Meta established explicit tradeoff boundaries. Data loss, permanent facility damage, and sustained multi-region impact are unacceptable. Transient service errors, individual rack failures within thresholds, and bounded staleness in routing tables are tolerable if they can be remediated within typical mean time to respond (MTTR) windows. Testing began in pre-production regions, moved to "shadow" replicas of live production, then progressed to the company's smallest live production regions before scaling to critical storage, AI, and data warehouse workloads.
Regional resilience is now a scaling constraint
Meta's data centers operate at two scales: sub-regional fault domains and multi-building regions. Previous Disaster Readiness testing validated fault domains reliably. A region is 50–60 times larger and involves coordinated recovery across hundreds of thousands of servers sharing common power and network paths. At that scale, design assumptions that hold in fault domains break.

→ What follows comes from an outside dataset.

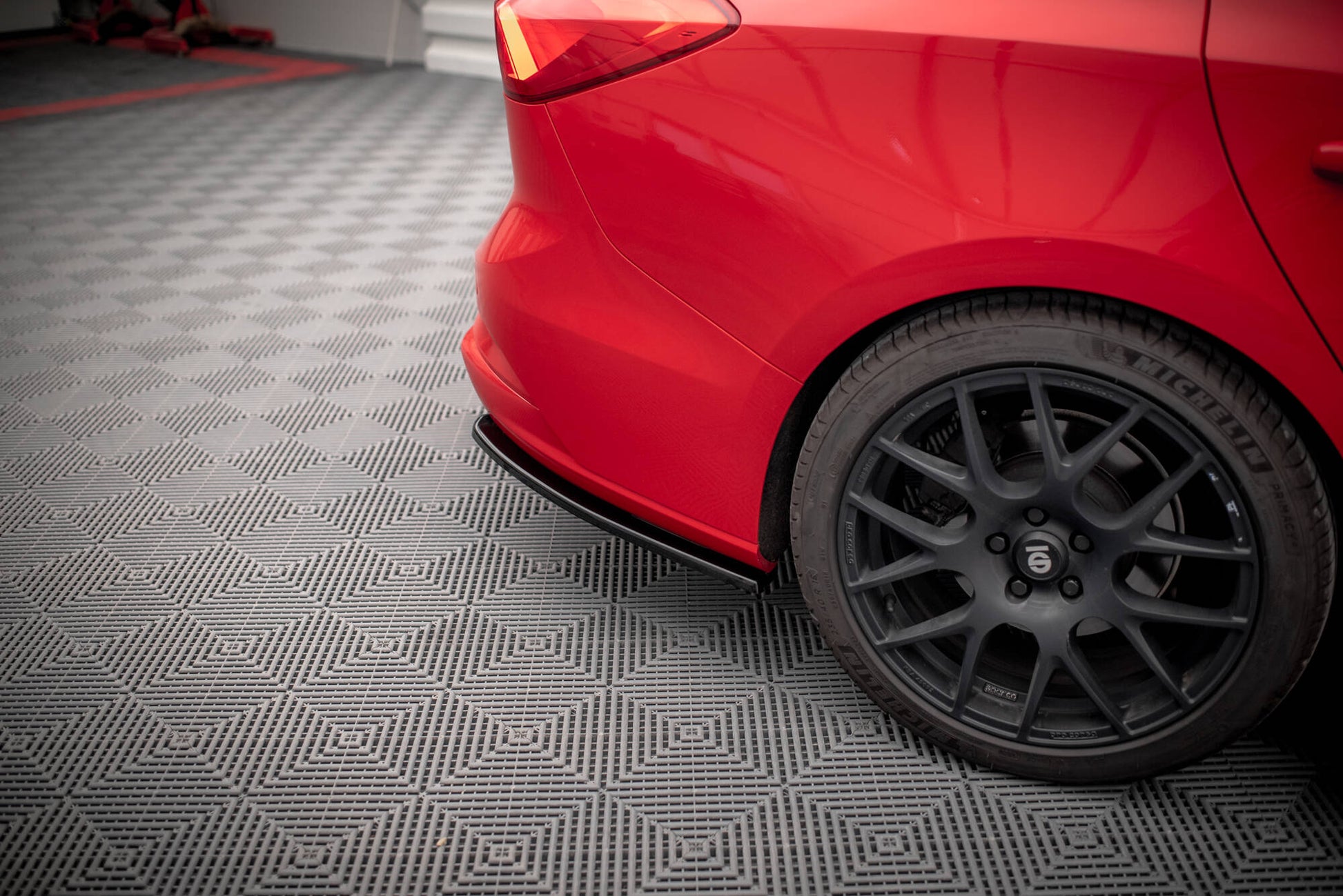Maxton Heck Ansatz Flaps Diffusor V.5 für Ford Focus Kombi ST Mk4 schwarz Hochglanz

The constraint is autonomy. A powered-off region cannot rely on external signals or manual intervention to recover. Millions of services must discover each other, establish leadership, and converge on a consistent state without external coordination. The circular dependency and boomerang problems reveal how hidden assumptions in control-plane architecture can prevent that autonomy entirely.
This matters because capacity deployment and AI workload scaling are outpacing the ability to validate them. Meta notes that reliability and velocity are "two facets of the same coin." Without this testing foundation, rapid region expansion introduces hidden failure modes that only surface during real outages.

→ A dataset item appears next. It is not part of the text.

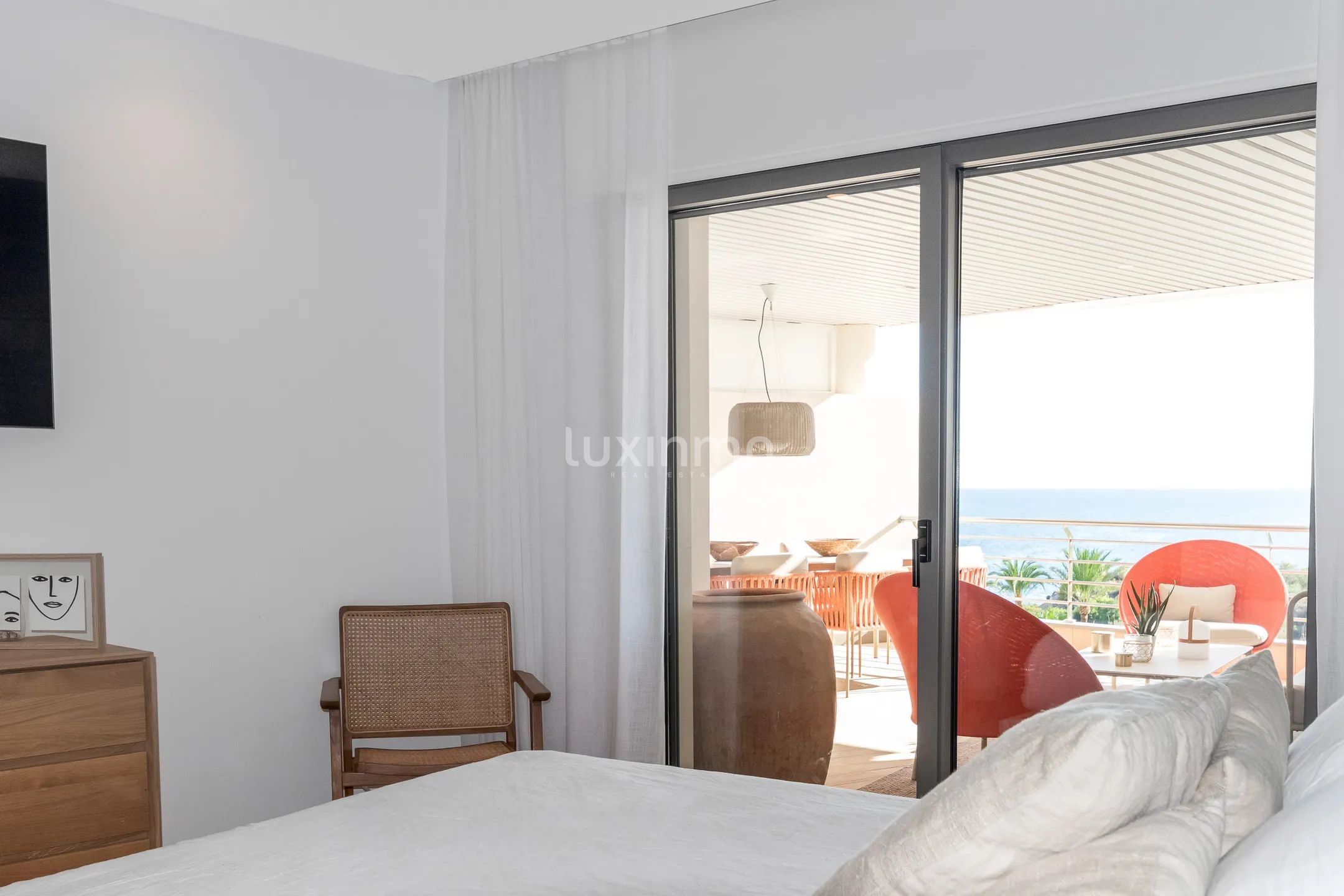 Precise flat with sea views for rent in Mascarat — photo 9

Build region-wide recovery into initial architecture, not retrofit
Control-plane circular dependencies are not exotic. They emerge naturally when services depend on schedulers to start, schedulers depend on service discovery to function, and service discovery depends on schedulers to replicate. Test for these in CI/CD with dependency graph analysis (Belljar-style) before they reach production. If they slip through, you need a recovery mechanism that does not depend on the systems it is recovering.
Asynchronous signaling systems (like Meta's unavailability events) must exclude the orchestrator itself from its own shutdown signals when those signals are power-related. This is a one-line policy fix that prevents entire classes of cascading failures.
Plan region testing incrementally. Pre-production is safe but unrealistic. Shadow replicas add fidelity. Smallest production regions add real-world blast radius. Only after validating smaller regions should you attempt de-energization of regions holding critical workloads. Each iteration teaches the infrastructure and the team.